水原一平
水原 一平(みずはら いっぺい、1984年12月31日 - )は、北海道苫小牧市出身の日本の通訳。メジャーリーグベースボール(MLB)のロサンゼルス・ドジャースに大谷翔平の専属通訳として所属している。既婚。
経歴[編集]
6歳まで北海道苫小牧市で過ごし、1991年に和食料理人の父がロサンゼルスで板前を始めたことをきっかけにアメリカ合衆国へ移住した。
学生時代は高校までサッカー部とバスケットボール部に所属していた。
2007年にカリフォルニア大学リバーサイド校を卒業した。
通訳者として[編集]
ロサンゼルス・ドジャースに所属していた野茂英雄の活躍によってMLBに興味を持ち、2012年2月には岡島秀樹の専属通訳としてニューヨーク・ヤンキースに採用された。しかし、岡島が仮契約中に行われたフィジカルチェックを左肩に異常が見つかったとしてパスできず契約解除となったことに伴い、水原の契約も解除されてしまった。

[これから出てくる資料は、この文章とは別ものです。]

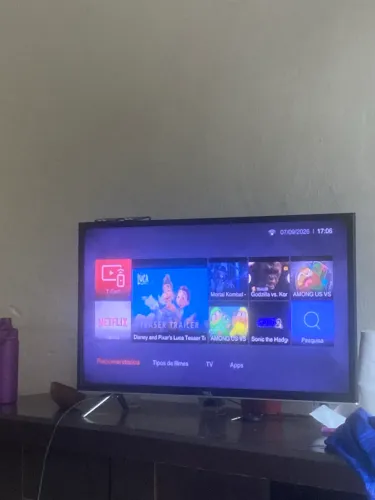 Televisão Tcl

2012年からは帰国して北海道日本ハムファイターズの球団通訳となり、ブランドン・レアードやクリス・マーティンなど日本ハムに所属する外国人選手の通訳や生活のサポートを務めた。選手たちに「連絡があったらすぐ駆けつける」と約束し、選手の家族にまで配慮を行った。のちに妻となる女性とは、当時日本ハム所属のルイス・メンドーサを介して知り合ったという。
日本人選手からも好かれており、「一平ちゃん」との愛称で呼ばれた。また陽岱鋼(当時日本ハム所属)とは特に仲がよく、たびたびキャッチボール相手を頼まれた。
マスメディアによる外国人選手たちへの取材に協力的で、記者たちから好評であった。
大谷翔平の専属通訳として[編集]
2017年オフに日本ハム所属だった大谷翔平がロサンゼルス・エンゼルスへ移籍したことに伴い、以降大谷の専属通訳としてエンゼルスに所属。通訳以外にも運転手やキャッチボールの相手など、公私にわたり大谷をサポートしている。
「大谷のスケジュールはとても特殊であり、大谷のキャッチボール相手が周りにいないときもある。(その際に)私が進み出てキャッチボールをする」と話していた。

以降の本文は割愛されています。